Charlie laughed. “Sounds great.” If her appetite was intact, she couldn’t be too sick.

The pizza arrived twenty-five minutes later. Charlie put the pizza on the bed between them, and they watched television for a little while. Sarah ate her pizza quickly, as though she were suddenly ravenous, and Charlie eyed her every few seconds, realizing that she hadn’t said a word to him since the pizza had arrived. It was rare that he and Sarah ever shut up around each other.

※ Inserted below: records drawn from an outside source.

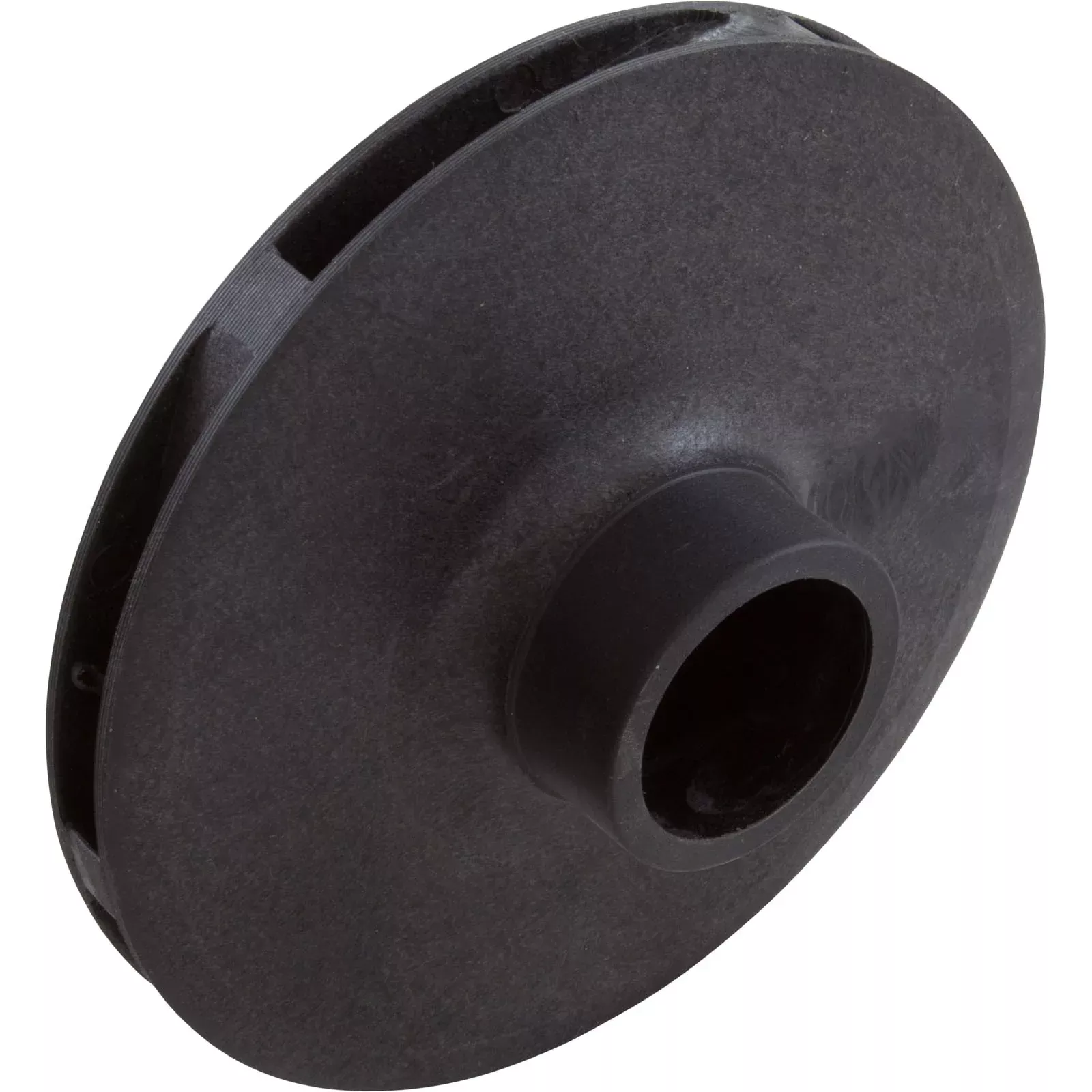 Impeller, Sta-Rite, Berkeley 1Hp/1-1/2Hp Pump : J105-22PA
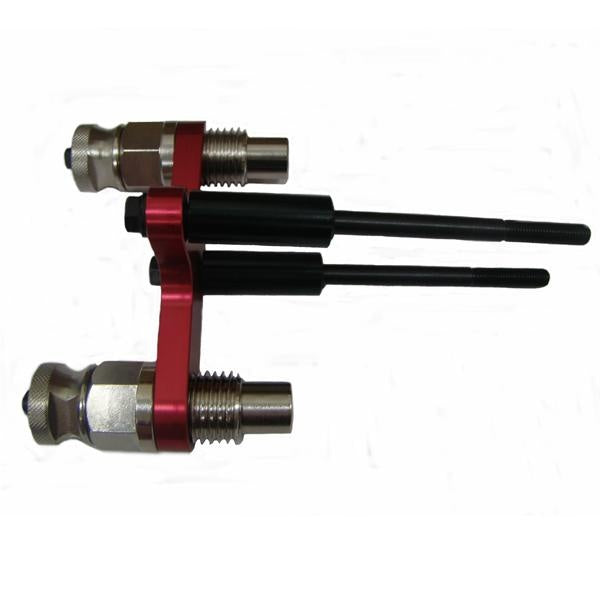 INJECTOR REMOVAL/INSTALLATION TOOL | BMW N20, N55 (FB3035)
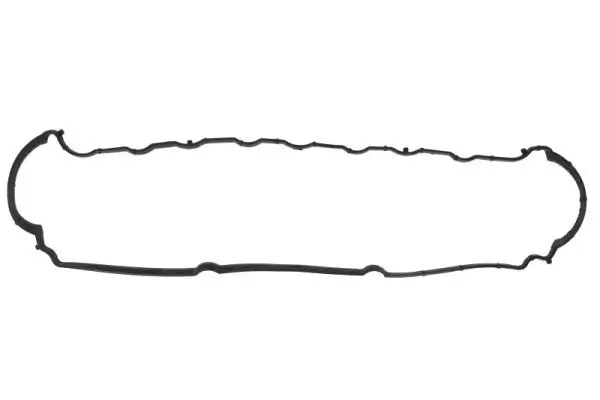 Dichtung, Zylinderkopfhaube ENGITECH ENT013086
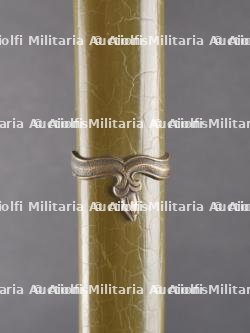 Katana japonais. Japanese katana — miniature 7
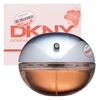 DKNY Be Delicious City Blossom Terrace Orchid toaletní voda pro ženy 50 ml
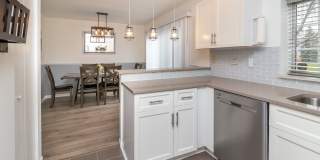 23 Carey Lane Gallery 15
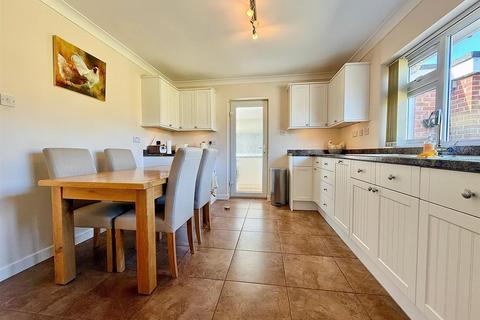 undefined, Leathway, Ormesby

Charlie wiped his hands on a napkin. He suddenly felt panicked. What if Sarah had suddenly realized something about him? What if she’d realized she was unhappy in their marriage? They knew plenty of people who’d gotten divorced in their twenties. They called it the “first wave of divorce” in a way that suggested they, themselves, would never breakup. But people never thought they were going to break up until they did. He suddenly felt terribly sick.

“Sarah,” Charlie blurted. “Will you just tell me what I did wrong? I want to fix it. I’ll do anything.”